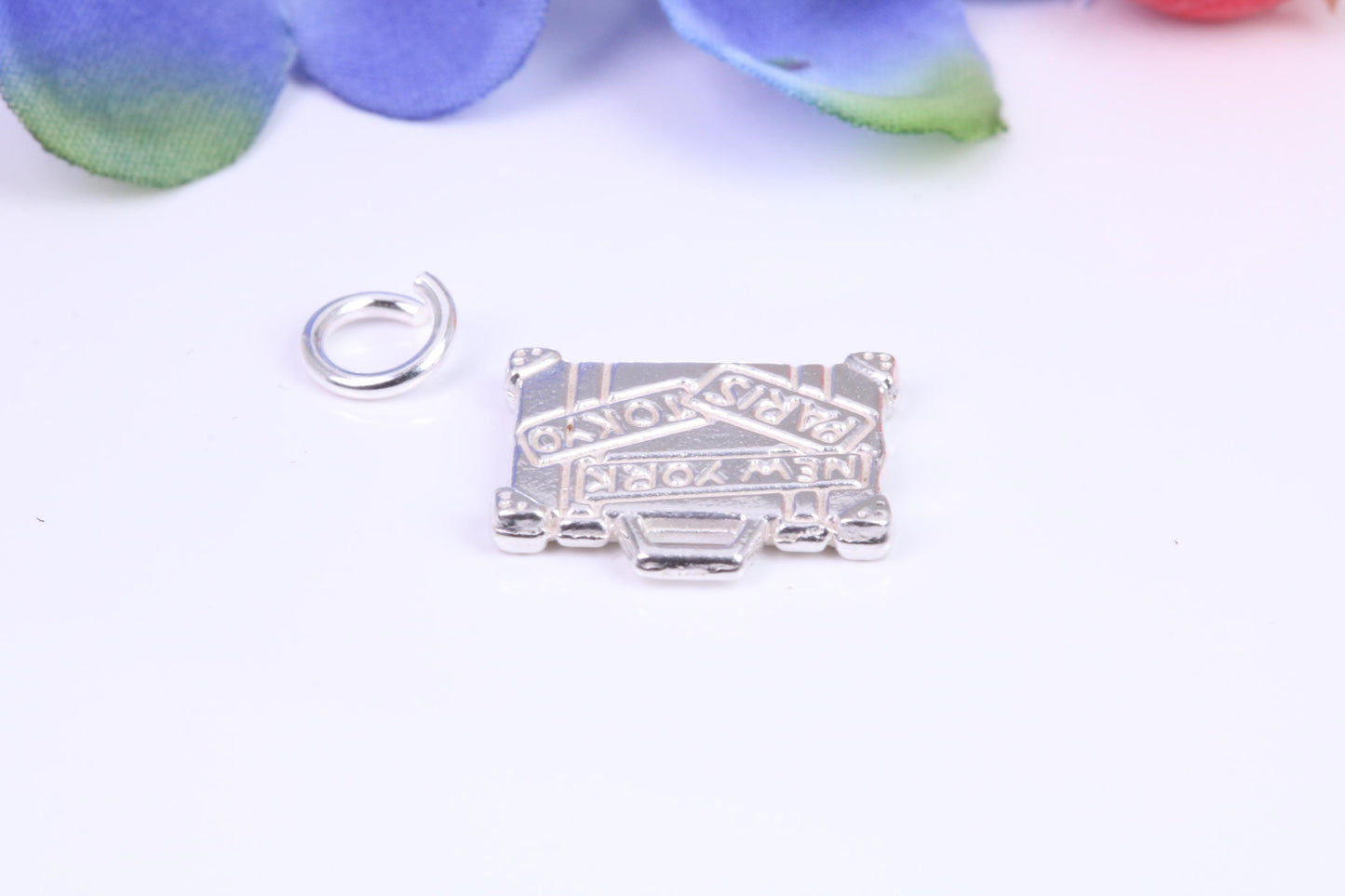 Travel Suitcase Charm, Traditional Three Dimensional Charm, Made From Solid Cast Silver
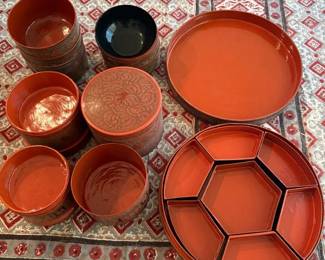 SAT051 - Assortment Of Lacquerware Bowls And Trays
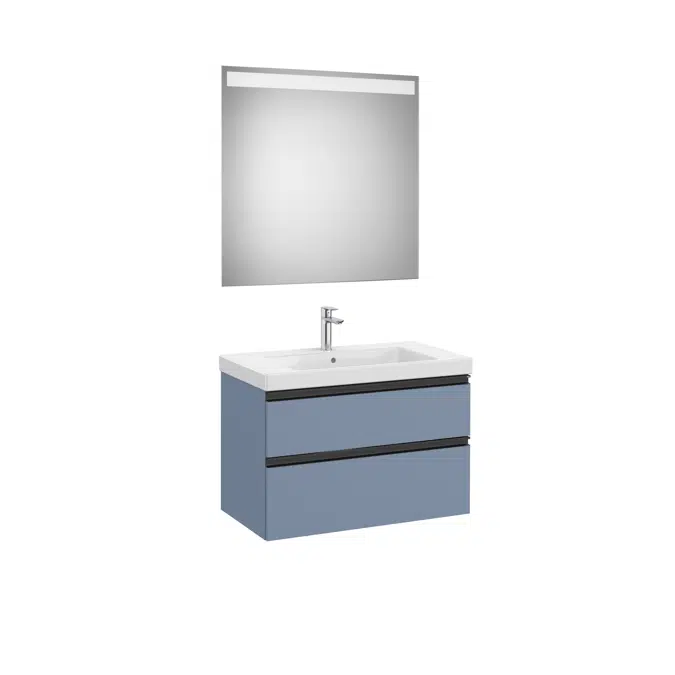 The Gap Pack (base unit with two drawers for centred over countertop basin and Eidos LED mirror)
++++++++++++++++++++
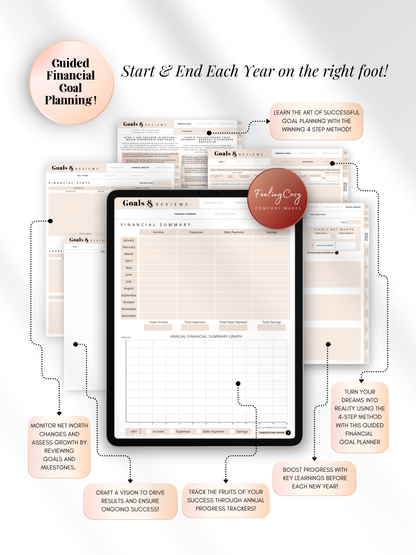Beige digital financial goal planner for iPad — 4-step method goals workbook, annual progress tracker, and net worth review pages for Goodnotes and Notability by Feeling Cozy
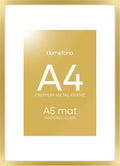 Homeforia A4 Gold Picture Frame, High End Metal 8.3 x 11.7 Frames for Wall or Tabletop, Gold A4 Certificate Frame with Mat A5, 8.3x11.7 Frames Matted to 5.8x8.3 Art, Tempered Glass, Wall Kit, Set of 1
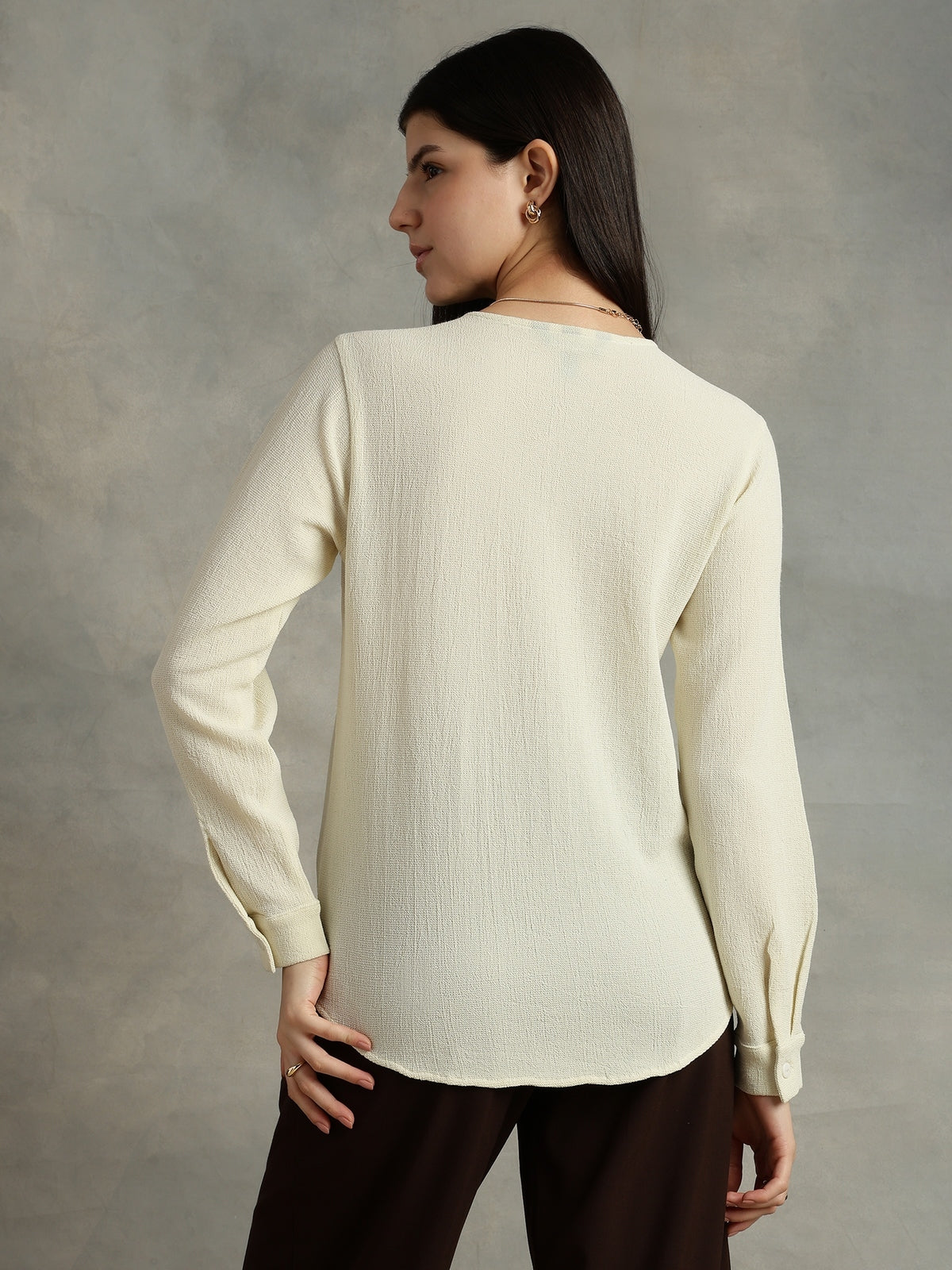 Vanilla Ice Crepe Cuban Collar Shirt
++++++++++++++++++++
Your task:
Respond with the exact lines above running from the one containing "Homeforia A4 Gold" to the one containing "Vanilla Ice Crepe Cuban Collar Shirt", both ends kept and no pictures included.

Written answer:
 Homeforia A4 Gold Picture Frame, High End Metal 8.3 x 11.7 Frames for Wall or Tabletop, Gold A4 Certificate Frame with Mat A5, 8.3x11.7 Frames Matted to 5.8x8.3 Art, Tempered Glass, Wall Kit, Set of 1
 Vanilla Ice Crepe Cuban Collar Shirt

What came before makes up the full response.